Vector Databases: The Long-Term Memory of AI

In Module 2, we learned that words can be converted into numbers called Embeddings. In Module 5, Lesson 2, we learned how to slice documents into chunks. Now, we need a place to store those embeddings and chunks so we can search them at light speed.

Enter the Vector Database.

Traditional databases (like MySQL) are good at finding exact matches: "Find user where id = 5". Vector databases are good at finding Near Matches: "Find the 5 text chunks that mean something similar to 'sick leave policy'."

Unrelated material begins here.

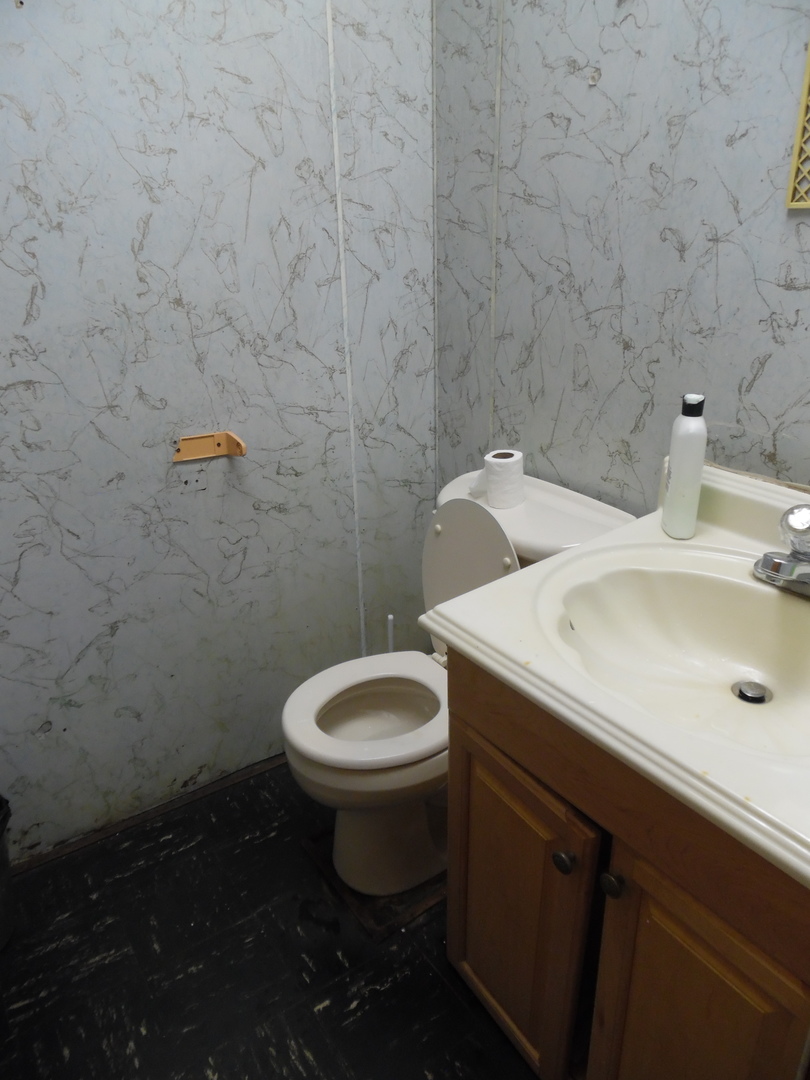 2712 West Division Street Chicago, IL 60622 - Photo 7 of 8 a bathroom with a sink and toilet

1. How a Vector Database Works

Unlike a spreadsheet, a Vector DB stores data in a multi-dimensional space.

graph TD
    A[Add Data: text + vector] --> B[Index: HNSW / IVF]
    B --> C[Storage: Cloud/Local Disk]
    
    D[Query: 'How to pay?'] --> E[Convert Query to Vector]
    E --> F[Vector Search: Find closest neighbors]
    F --> G[Return Top K Results]

The Keyword: "Top K"

In a vector database, we don't ask for "The Result." We ask for the Top K (usually Top 3 or Top 5) results. These are the most mathematically similar documents to the user's query.

2. Comparing the Major Players

As an LLM Engineer, you will likely choose between one of these three.

A. Chroma (Local-First)

Role: Open-source and lightweight.
Best For: Prototypes, local research, and applications that run on a single machine or in a Docker container.
Pros: Super easy to set up. Free.
Cons: Harder to scale to millions of documents without complex infrastructure.

B. Pinecone (Serverless/Managed)

Role: The industry leader for "as-a-service" vector storage.
Best For: Production applications where you don't want to manage servers.
Pros: Handles billions of vectors. Managed scaling. Excellent "Metadata Filtering."
Cons: Can get expensive as your data grows. Vendor lock-in.

C. Weaviate (Hybrid/Modular)

Role: An open-source vector database that you can self-host or use as a cloud service.
Best For: Enterprises that want control over their infrastructure but also need scale.
Pros: Built-in support for multiple ML models. Graph-like capabilities.
Cons: Steeper learning curve than Chroma.

3. Metadata Filtering (The Hybrid Search)

Pure vector search has a weakness: it doesn't know about facts. If you search for "Quarterly Report," it might return the report from 2019 because the language is similar to the 2024 report.

The Solution: Use Metadata. You store the year, department, and category alongside the vector.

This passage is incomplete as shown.